START Records for this task
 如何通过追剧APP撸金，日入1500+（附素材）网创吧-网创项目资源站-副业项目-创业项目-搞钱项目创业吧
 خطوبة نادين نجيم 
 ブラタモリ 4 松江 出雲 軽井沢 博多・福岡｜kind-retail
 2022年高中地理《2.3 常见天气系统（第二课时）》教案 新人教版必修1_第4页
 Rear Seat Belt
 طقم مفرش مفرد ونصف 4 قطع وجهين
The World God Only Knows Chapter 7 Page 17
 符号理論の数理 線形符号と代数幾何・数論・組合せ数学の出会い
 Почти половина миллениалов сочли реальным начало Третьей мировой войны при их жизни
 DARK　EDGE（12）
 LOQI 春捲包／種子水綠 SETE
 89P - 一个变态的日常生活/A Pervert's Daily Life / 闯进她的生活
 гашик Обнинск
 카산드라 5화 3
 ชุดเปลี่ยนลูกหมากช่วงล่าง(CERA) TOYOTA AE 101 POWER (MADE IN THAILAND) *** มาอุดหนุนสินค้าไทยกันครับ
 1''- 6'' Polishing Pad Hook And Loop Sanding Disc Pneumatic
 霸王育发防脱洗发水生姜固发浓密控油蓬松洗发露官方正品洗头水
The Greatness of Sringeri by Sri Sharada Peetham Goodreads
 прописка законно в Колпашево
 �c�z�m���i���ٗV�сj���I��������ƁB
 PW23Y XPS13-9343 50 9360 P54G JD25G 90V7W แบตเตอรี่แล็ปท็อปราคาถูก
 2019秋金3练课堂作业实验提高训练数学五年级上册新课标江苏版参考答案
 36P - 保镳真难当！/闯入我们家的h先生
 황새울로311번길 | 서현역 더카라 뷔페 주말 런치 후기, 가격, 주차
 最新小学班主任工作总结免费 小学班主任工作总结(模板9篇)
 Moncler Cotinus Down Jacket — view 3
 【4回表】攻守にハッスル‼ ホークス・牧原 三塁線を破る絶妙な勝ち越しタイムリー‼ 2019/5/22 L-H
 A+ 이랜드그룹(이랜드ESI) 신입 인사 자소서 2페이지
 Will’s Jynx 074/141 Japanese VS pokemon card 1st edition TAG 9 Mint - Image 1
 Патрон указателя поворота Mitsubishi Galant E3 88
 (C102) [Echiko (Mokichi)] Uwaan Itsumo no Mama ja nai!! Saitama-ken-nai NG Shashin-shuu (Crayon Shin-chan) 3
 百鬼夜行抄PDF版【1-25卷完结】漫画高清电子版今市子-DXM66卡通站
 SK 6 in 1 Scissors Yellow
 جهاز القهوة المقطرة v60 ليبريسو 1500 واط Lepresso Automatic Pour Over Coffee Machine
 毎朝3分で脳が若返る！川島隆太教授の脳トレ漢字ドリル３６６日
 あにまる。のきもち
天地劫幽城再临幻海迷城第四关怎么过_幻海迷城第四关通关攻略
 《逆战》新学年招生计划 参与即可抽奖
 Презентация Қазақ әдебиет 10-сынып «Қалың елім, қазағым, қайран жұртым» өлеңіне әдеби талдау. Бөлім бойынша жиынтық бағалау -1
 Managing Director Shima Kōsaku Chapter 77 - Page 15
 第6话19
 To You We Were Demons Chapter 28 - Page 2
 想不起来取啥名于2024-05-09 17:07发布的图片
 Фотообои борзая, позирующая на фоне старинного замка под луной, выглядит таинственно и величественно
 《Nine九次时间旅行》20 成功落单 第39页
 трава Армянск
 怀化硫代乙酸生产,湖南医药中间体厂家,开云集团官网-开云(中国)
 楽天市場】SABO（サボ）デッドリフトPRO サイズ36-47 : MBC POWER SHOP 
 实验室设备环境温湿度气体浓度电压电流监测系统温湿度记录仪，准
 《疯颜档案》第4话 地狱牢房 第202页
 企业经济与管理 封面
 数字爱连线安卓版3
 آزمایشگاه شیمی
END Records for this task
▶ [Task description]:
Scan the entries above for the line containing "36P - 保镳真难当！/闯入我们家的h先生", and copy it and all lines after it exactly, down to and including the line containing "楽天市場】SABO（サボ）デッドリフトPRO サイズ36-47 : MBC".

▶ [Completed exercise]:
 36P - 保镳真难当！/闯入我们家的h先生
 황새울로311번길 | 서현역 더카라 뷔페 주말 런치 후기, 가격, 주차
 最新小学班主任工作总结免费 小学班主任工作总结(模板9篇)
 Moncler Cotinus Down Jacket — view 3
 【4回表】攻守にハッスル‼ ホークス・牧原 三塁線を破る絶妙な勝ち越しタイムリー‼ 2019/5/22 L-H
 A+ 이랜드그룹(이랜드ESI) 신입 인사 자소서 2페이지
 Will’s Jynx 074/141 Japanese VS pokemon card 1st edition TAG 9 Mint - Image 1
 Патрон указателя поворота Mitsubishi Galant E3 88
 (C102) [Echiko (Mokichi)] Uwaan Itsumo no Mama ja nai!! Saitama-ken-nai NG Shashin-shuu (Crayon Shin-chan) 3
 百鬼夜行抄PDF版【1-25卷完结】漫画高清电子版今市子-DXM66卡通站
 SK 6 in 1 Scissors Yellow
 جهاز القهوة المقطرة v60 ليبريسو 1500 واط Lepresso Automatic Pour Over Coffee Machine
 毎朝3分で脳が若返る！川島隆太教授の脳トレ漢字ドリル３６６日
 あにまる。のきもち
天地劫幽城再临幻海迷城第四关怎么过_幻海迷城第四关通关攻略
 《逆战》新学年招生计划 参与即可抽奖
 Презентация Қазақ әдебиет 10-сынып «Қалың елім, қазағым, қайран жұртым» өлеңіне әдеби талдау. Бөлім бойынша жиынтық бағалау -1
 Managing Director Shima Kōsaku Chapter 77 - Page 15
 第6话19
 To You We Were Demons Chapter 28 - Page 2
 想不起来取啥名于2024-05-09 17:07发布的图片
 Фотообои борзая, позирующая на фоне старинного замка под луной, выглядит таинственно и величественно
 《Nine九次时间旅行》20 成功落单 第39页
 трава Армянск
 怀化硫代乙酸生产,湖南医药中间体厂家,开云集团官网-开云(中国)
 楽天市場】SABO（サボ）デッドリフトPRO サイズ36-47 : MBC POWER SHOP 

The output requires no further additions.